Early-Tang scholar-monk and member of 玄奘 Xuánzàng’s inner translation circle. The DILA Buddhist Studies Person Authority gives his head-name as 靜邁 with 靖邁 as the alternate; both characters appear in Tang sources. Native of Zǐtóng 梓潼 (in modern Sìchuān). Originally resident at the Fújù Monastery 福聚寺 in Jiǎnzhōu 簡州.

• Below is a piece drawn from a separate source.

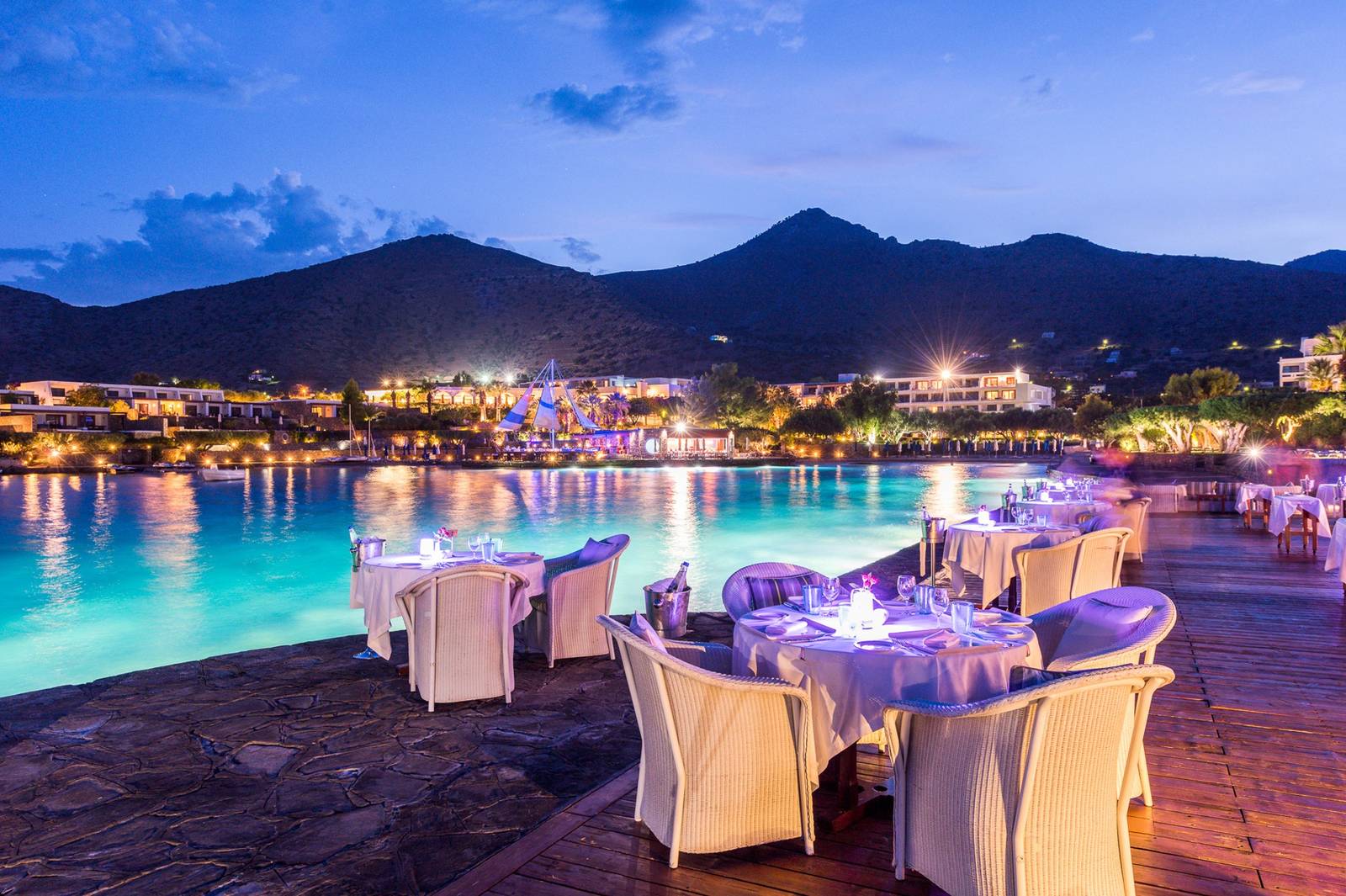 Elounda Bay Palace Thalassa 海鮮餐廳夜景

Lifedates unknown. The conventional floruit given here (645–680) covers his attested participation in Xuánzàng’s bureau. In Zhēnguān 19 (645), when Xuánzàng returned from India and was commissioned by Tàizōng to lead the imperial translation programme at the newly built Hóngfú Monastery 弘福寺 (later supplemented by Dàcí’ēnsì 大慈恩寺 from 648), eleven monks “deeply learned in both Mahāyāna and Hīnayāna scriptures and revered by the world” were summoned to serve as Zhèngyì dàdé 證義大德 (“Authenticators of the Sense”); Jìngmài was one of them. He took up residence at Dàcí’ēnsì and worked alongside Pǔguāng 普光, Qīxuán 棲玄, Míngjùn 明濬, Biànjī 辯機, and Dàoxuān 道宣 as a zhuìwén 綴文 (“compositional editor”) in the team that produced the Běnshì jīng 本事經 (T765, 7 juan) and other early-period Xuánzàng translations.
His attested independent works include this present Bōrě xīnjīng shū 般若心經疏 (X522 = KR6c0143) and the Gǔjīn yìjīng tújì 古今譯經圖紀 (T2151, 4 juan) — the latter a foundational catalogue of Chinese Buddhist translation history from An Shigao 安世高 down to Xuánzàng’s own time. The Tújì is one of the major sources for the chronology of the early Chinese Buddhist canon and was incorporated into Zhìshēng’s Kāiyuán shìjiào lù 開元釋教錄 of 730.
He is one of the central documentary figures of mid-Tang Buddhist canonology, a witness to Xuánzàng’s translation operation from the inside, and a bibliographer whose work shaped the Tang and Sòng canonical inventories.